> YOUR TASK
Print, please, exactly the lines from the one with "I want everybody" through the final line of the data below, with both ends included and the pictures left out.

> DATA FOR ANALYSIS
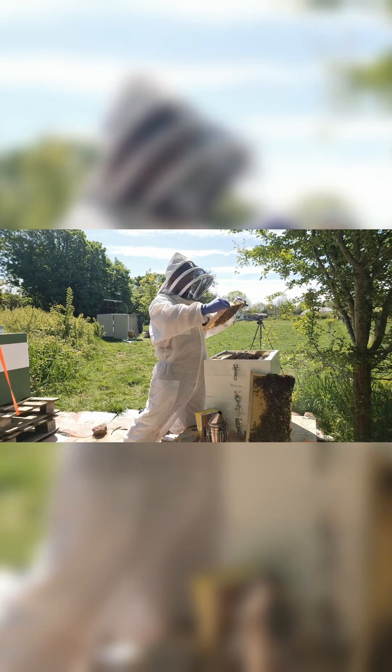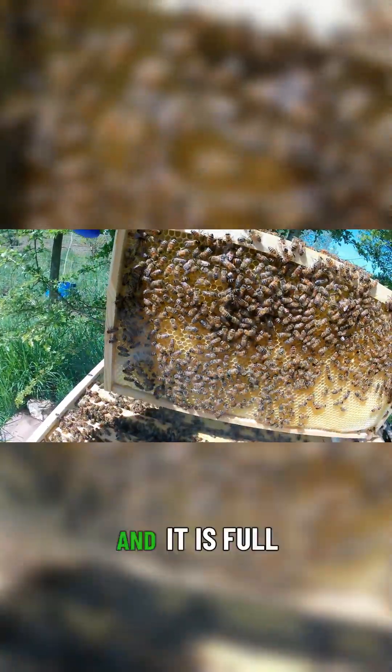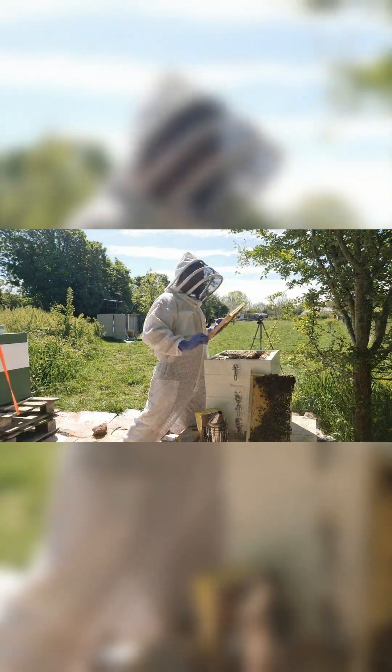It's a frame that we checkerboarded to encourage them to draw it out, and they've certainly done that. It is absolutely full of larvae in here — the queen has been very busy on this frame.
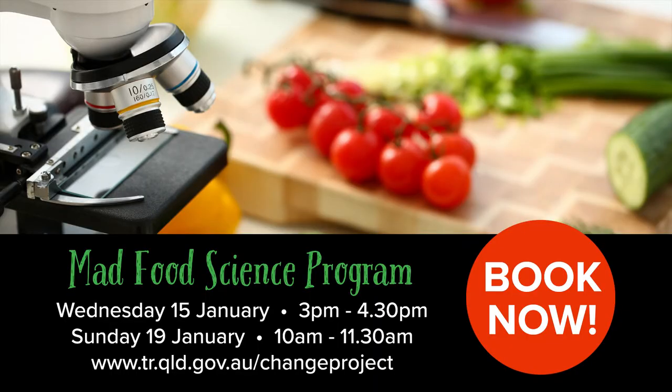School holidays give parents an opportunity to work with the children and work out what they should put in lunch boxes when they go back to school. It also gives children an opportunity to have input about what they've liked and what they've learnt over the school holidays. So I think some teachers will see some interesting additions to lunch boxes when the children get back to school.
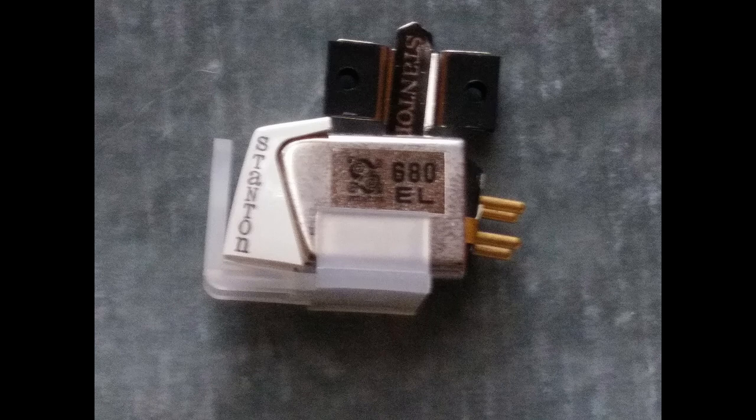I figured I would buy another phono cartridge and I did. I got the Goldring E3, which is what this video is about. As far as the Stanton is concerned, I'm not really all that upset. Stanton 680EL bodies come up on eBay all the time with no hardware and no stylus, so it should be pretty easy to pick one up cheap and get it functioning again. I had it long enough to answer the question — I wanted to know why I held this cartridge in such high esteem.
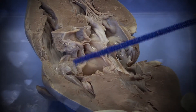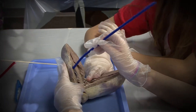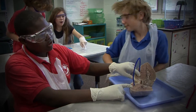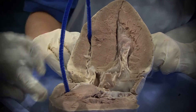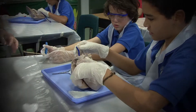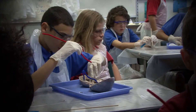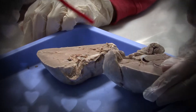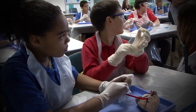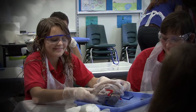I want everybody to take the blue pipe cleaner and point to the right atrium and right ventricle. Can you tell that the right atrium is considerably smaller? So we have traced the vena cava into the right atrium and right ventricle. Now take your red pipe cleaner and locate your left atrium and left ventricle. Why is the left ventricle thicker than the right ventricle?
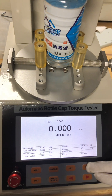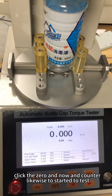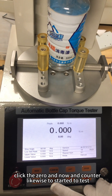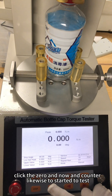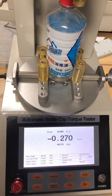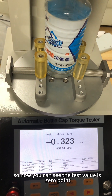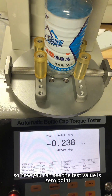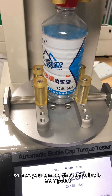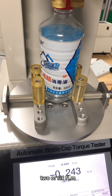Let me click zero, and now counter-clockwise to start the test. You can see the test value is 0.26 Newton-meter.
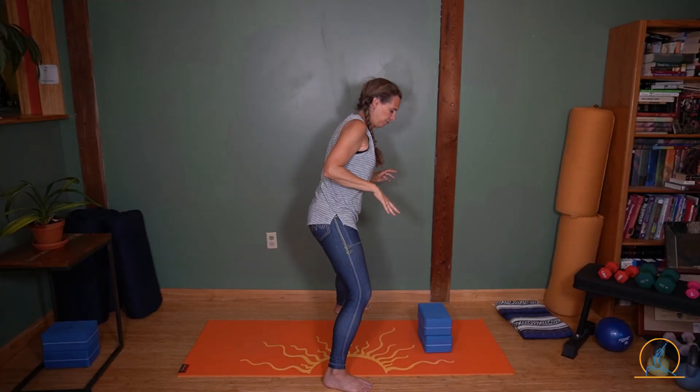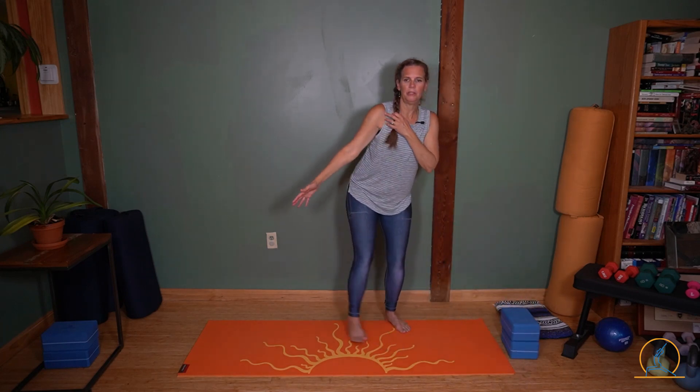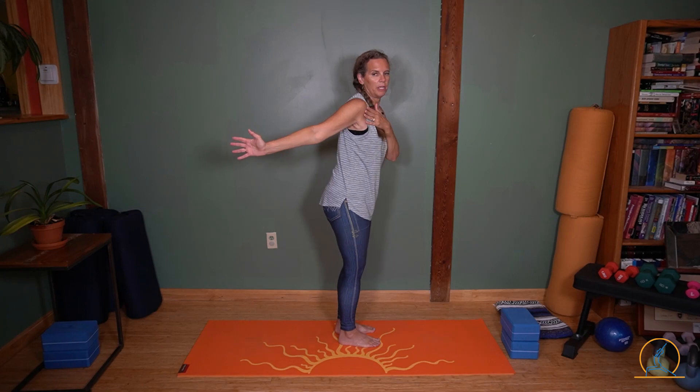Step your feet together. So if you weren't quite sure what I was saying about the shoulder, let me show — see if I can demonstrate. In standing, I could just throw my hand back here. So like this — this is not what I want to do.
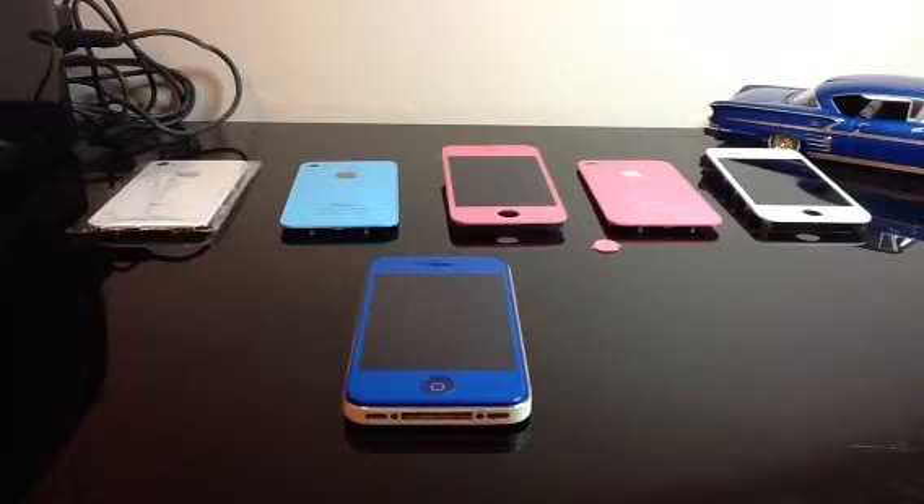Hey, what's up? It's 6Taglio. Today I'm going to be doing an iPhone 4 and 4S color conversion review.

> TASK SOLUTION
I want everybody to take the blue pipe cleaner and point to the right atrium and right ventricle. Can you tell that the right atrium is considerably smaller? So we have traced the vena cava into the right atrium and right ventricle. Now take your red pipe cleaner and locate your left atrium and left ventricle. Why is the left ventricle thicker than the right ventricle?
Let me click zero, and now counter-clockwise to start the test. You can see the test value is 0.26 Newton-meter.
Step your feet together. So if you weren't quite sure what I was saying about the shoulder, let me show — see if I can demonstrate. In standing, I could just throw my hand back here. So like this — this is not what I want to do.
Hey, what's up? It's 6Taglio. Today I'm going to be doing an iPhone 4 and 4S color conversion review.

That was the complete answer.